We all know that how we use credit cards or repay loans will impact our credit scores, but could the way you use social media also play a role?

While it may seem a ridiculous notion, credit reporting bureaus overseas may be reviewin individual Facebook or Twitter pages as part of determining their creditworthiness

A 2017 investigation by Privacy International into fintech reported that some lending apps in Kenya were using M-Pesa for mobile money transfer. This platform was revealed to collate data like borrower’s text history and how often they called their mothers, potentially using this to make lending decisions.

The most glaring example comes from China and its social credit system, in which its citizens are ranked based on their interactions as well as transactions. This includes the frequency of which they consume fast food or how they manage their social activity.

While this level of individual monitoring may not hit Australian shores, countries such as the United States have begun considering letting lenders investigate more than just its citizens history with credit products to determine their creditworthiness.

The use of alternative data in credit underwriting has picked up steam in the US. In this case alternative data refers to a focus on cash flow, such as paying rent, utilities and bills on time, and general bank account management.
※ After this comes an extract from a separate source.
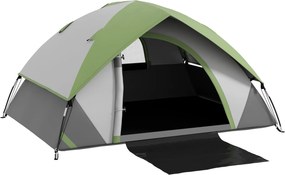 Outsunny Cort de Camping cu 3 Locuri, Geam din Plasă și Cârlig Felinar, Cort de Camping din PE, 270x210x150 cm, Verde | Aosom Romania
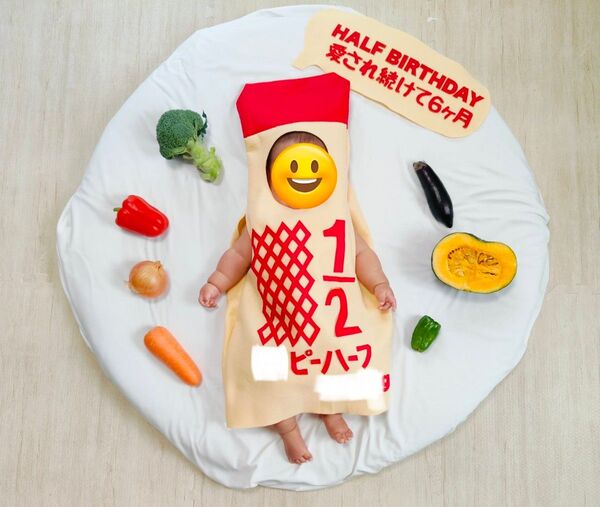 ハーフバースデー衣装 1/2 キューピーハーフ ハンドメイド品 【名前体重有り】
Government experts have encouraged its benefits in helping to bridge the gap between historic racial inequities in the credit scores of Hispanic and Black consumers compared to White consumers.

This is a similar system to Comprehensive Credit Reporting that has been adopted in Australia, in which positive events are recorded on your credit file, not just adverse ones. But could the use of alternative data in credit underwriting expand into social media usage?

In the US, lending companies such as LendUp and Moven were reported to have checked potential borrowers social media to see if they had posted about losing a job on Facebook, or how many friends the borrower had, to help determine whether to lend to them.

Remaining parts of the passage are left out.